Skip to content

[refactor] Semantic Function Clustering Analysis - Safe-Output Configuration Consolidation Opportunities #4917

@github-actions

Description

@github-actions

Executive Summary

Semantic analysis of 240+ non-test Go files in the pkg/ directory reveals significant opportunities for code consolidation and improved organization, particularly in the safe-outputs system.
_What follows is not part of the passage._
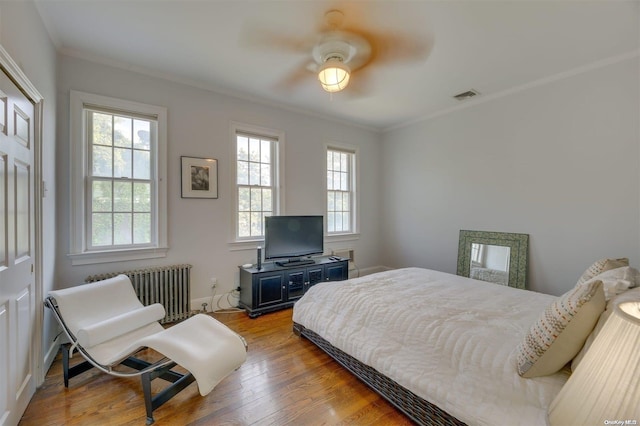 bedroom with radiator, ceiling fan, light hardwood / wood-style floors, and multiple windows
The analysis identified 29 scattered configuration parsing functions, 85-90% duplication in job builders, and a 1,360-line monolithic file that should be split.

Key Findings:

  • 500+ lines of duplicated configuration parsing logic scattered across 29 files
  • 1,000+ lines of boilerplate in job building functions (85-90% similarity)
  • 200+ lines of duplicated log parsing logic across 4 engine implementations
  • Monolithic safe_outputs.go (1,360 lines) mixing 4 distinct concerns

Total Analysis Scope:

  • 240 Go source files analyzed (excluding tests)
  • 1,800+ functions cataloged
  • 6 major refactoring clusters identified
  • 3 critical priority issues requiring immediate attention
Detailed Findings and Recommendations

Critical Priority Issues

1. Scattered Configuration Parsing Functions (29 files, 500+ lines of duplication)
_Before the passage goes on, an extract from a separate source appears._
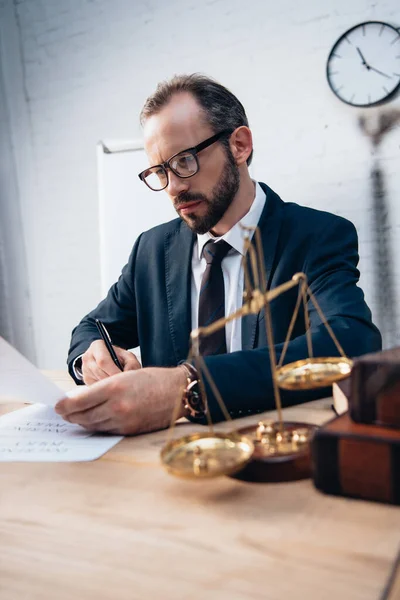 Selective Focus Bearded Lawyer Signing Insurance Documents Golden Scales Books — Stock Photo, Image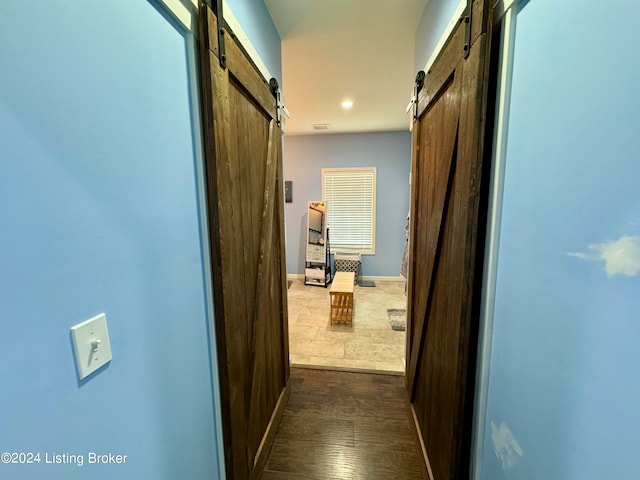 hallway with dark hardwood / wood-style flooring and a barn door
Problem: Each safe-output type has its own parseXXXConfig() function scattered across individual files, creating maintenance overhead and inconsistent patterns.

Affected Files (29):

pkg/workflow/create_issue.go:parseIssuesConfig()
pkg/workflow/create_discussion.go:parseDiscussionsConfig()
pkg/workflow/add_comment.go:parseCommentsConfig()
pkg/workflow/close_issue.go:parseCloseIssuesConfig()
pkg/workflow/close_pull_request.go:parseClosePullRequestsConfig()
pkg/workflow/close_discussion.go:parseCloseDiscussionsConfig()
pkg/workflow/create_pull_request.go:parsePullRequestsConfig()
pkg/workflow/create_pr_review_comment.go:parsePullRequestReviewCommentsConfig()
pkg/workflow/create_code_scanning_alert.go:parseCodeScanningAlertsConfig()
pkg/workflow/add_reviewer.go:parseAddReviewerConfig()
pkg/workflow/add_labels.go:parseLabelsConfig()
pkg/workflow/publish_assets.go:parseUploadAssetConfig()
pkg/workflow/update_issue.go:parseUpdateIssuesConfig()
pkg/workflow/update_project.go:parseUpdateProjectConfig()
pkg/workflow/update_release.go:parseUpdateReleaseConfig()
pkg/workflow/assign_milestone.go:[inline parsing]
pkg/workflow/assign_to_agent.go:parseAgentTaskConfig()
pkg/workflow/create_agent_task.go:parseAgentTaskConfig()
... (17 more files)

Pattern Similarity: 70-75% identical structure

Each function follows this pattern:

func (c *Compiler) parseXXXConfig(outputMap map[string]any) *XXXConfig {
    if configData, exists := outputMap["xxx"]; exists {
        config := &XXXConfig{}
        if configMap, ok := configData.(map[string]any); ok {
            // Parse specific fields using shared helpers
            config.Field1 = parseField1FromConfig(configMap)
            config.Field2 = parseField2FromConfig(configMap)
            
            // Parse common base fields
            c.parseBaseSafeOutputConfig(configMap, &config.BaseSafeOutputConfig, defaultMax)
        }
        return config
    }
    return nil
}

Recommendation:

  1. Create safe_outputs_config_parsing.go to consolidate all parseXXXConfig() functions
  2. Move all 29+ parsing functions to this single file
  3. Group related parsers together (creation, closure, updates, etc.)
  4. Consider creating a generic configuration parser for common patterns

Estimated Impact: Reduce ~500 lines of scattered code, improve discoverability, enable consistent error handling


2. Monolithic safe_outputs.go (1,360 lines, 4 concerns)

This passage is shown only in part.